Sunday, August 19, 2012

Curiosity

I got to thinking recently about my incessant curiosity as a child.  While I was growing up, our encyclopedia became dog-eared.  I made good grades because I read everything I could get my hands on.  I wanted to become a librarian until I discovered that nobody can live on that salary.  Even though I continually sought facts in books, I seldom found anything revealing what I really wanted to know.

My thirst for details came from a childhood during which the only matters the family discussed in my presence were this year's cotton crop, those uppity niggras, and the Communist threat of the Cold War.  Heads between your knees - everybody!  And heaven forbid I ask any questions about my parents. [see Queen for a Day]  My brother & I had different fathers, and I was unaware of this until my Auntie Mabel cleverly let it slip into conversation while I was in the room.  When I was fourteen years old, fer God's sake.

I was raised by my Grandmother, Ava.  I called her “Mom”.  Auntie Mabel was Mom’s sister.  Being pretty clueless about picking up on vibes back then, I didn’t sense the tension in the air when Mabel suddenly remembered she had something to do, and backed out of our driveway in a cloud of dust.  Mom was still holding her hand over her heart as she sat down with me to do some explaining.

I had known since early childhood that my parents died when I was two.
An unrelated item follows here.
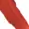 DIOR Rouge Dior Lipstick Refill 777 FAHRENHEIT Velvet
I was only told that my dad was killed in a butane explosion and my mother died soon after from breast cancer.  The end.  No more questions please.  It was like a memorized litany, which I repeated to others when asked.

The following details I unearthed for myself decades later.  I did some creative Googling, found some newspaper articles and, amazingly, Johnny and Kathryn’s death certificates.


Kathryn was diagnosed with breast cancer and had surgery when I was barely one year old.  The following summer, in May, Johnny was cleaning his warehouse floor with butane-powered equipment.  It somehow ignited, causing an explosion.  He died the next day from his burns.




















The following July, Kathryn lost her life to the cancer.  This was 12 days after my second birthday, and 9 days after my brother turned 12.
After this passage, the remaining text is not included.